### [How to complete this task]
The data below should be transcribed in full, with no picture included.

### [Data]
● ● ●

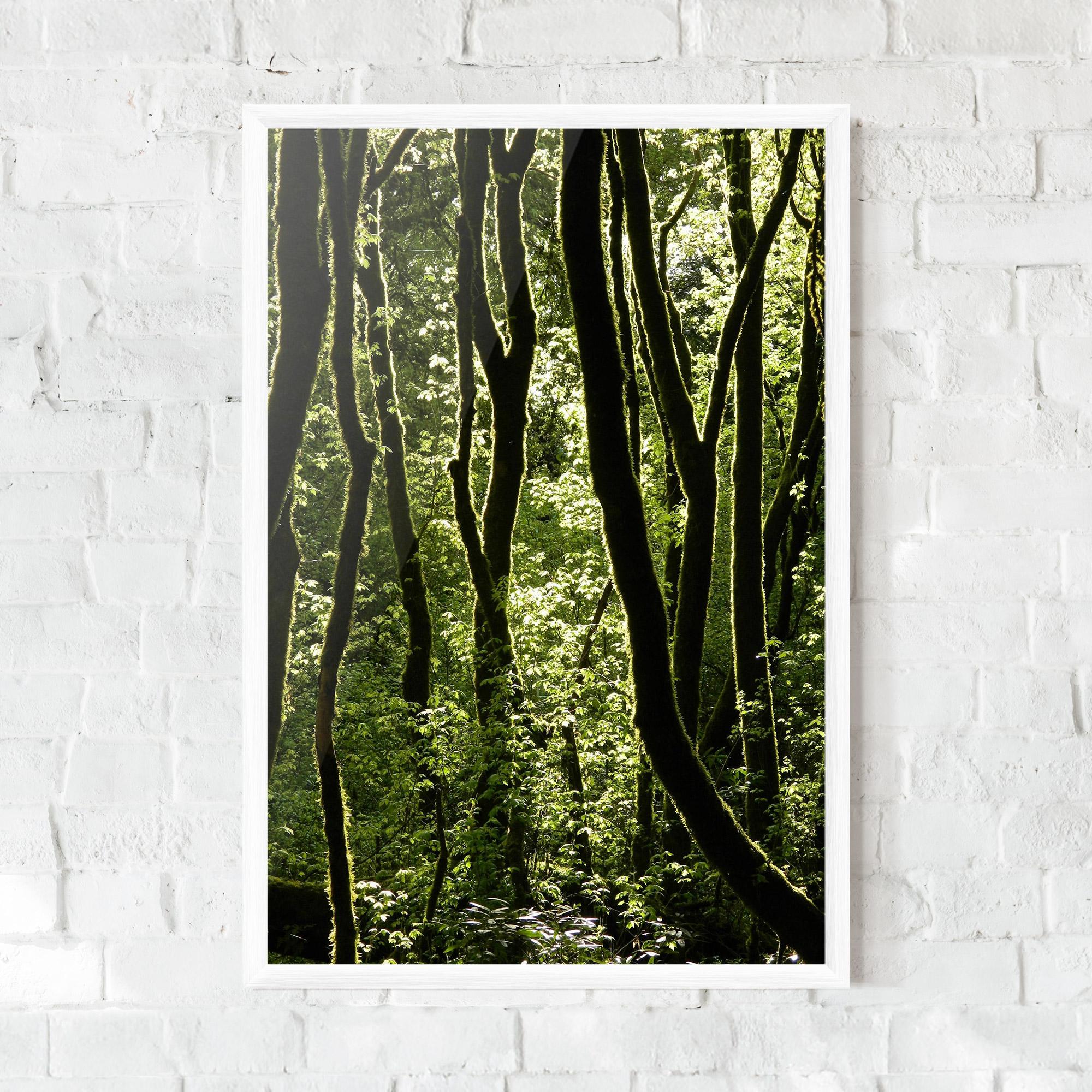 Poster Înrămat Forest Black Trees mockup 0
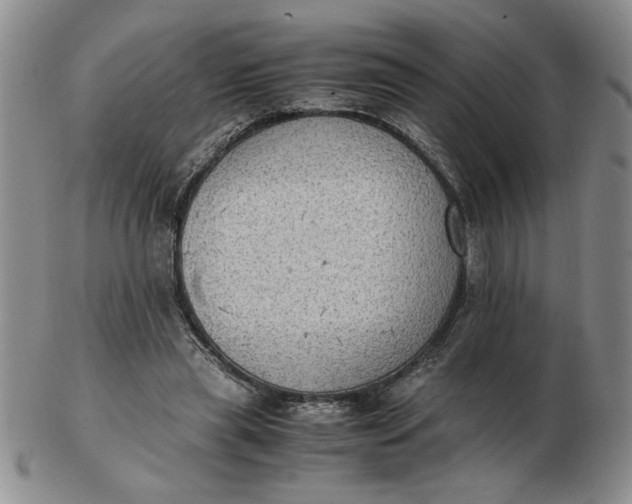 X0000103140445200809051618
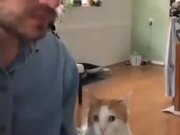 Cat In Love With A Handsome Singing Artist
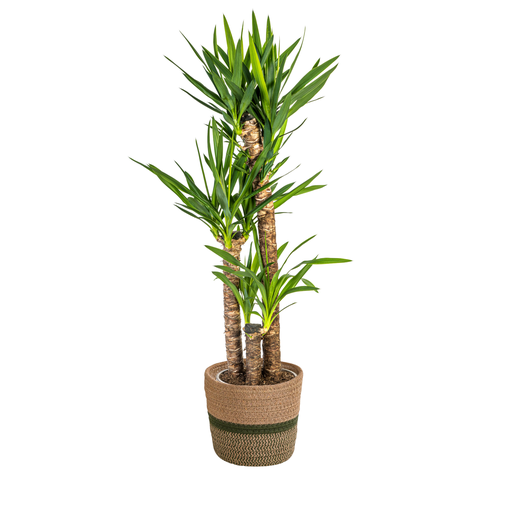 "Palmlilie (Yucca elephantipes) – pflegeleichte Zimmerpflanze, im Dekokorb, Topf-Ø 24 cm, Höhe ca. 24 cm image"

● ● ●

### [Exercise response]
 Poster Înrămat Forest Black Trees mockup 0
 X0000103140445200809051618
 Cat In Love With A Handsome Singing Artist
 "Palmlilie (Yucca elephantipes) – pflegeleichte Zimmerpflanze, im Dekokorb, Topf-Ø 24 cm, Höhe ca. 24 cm image"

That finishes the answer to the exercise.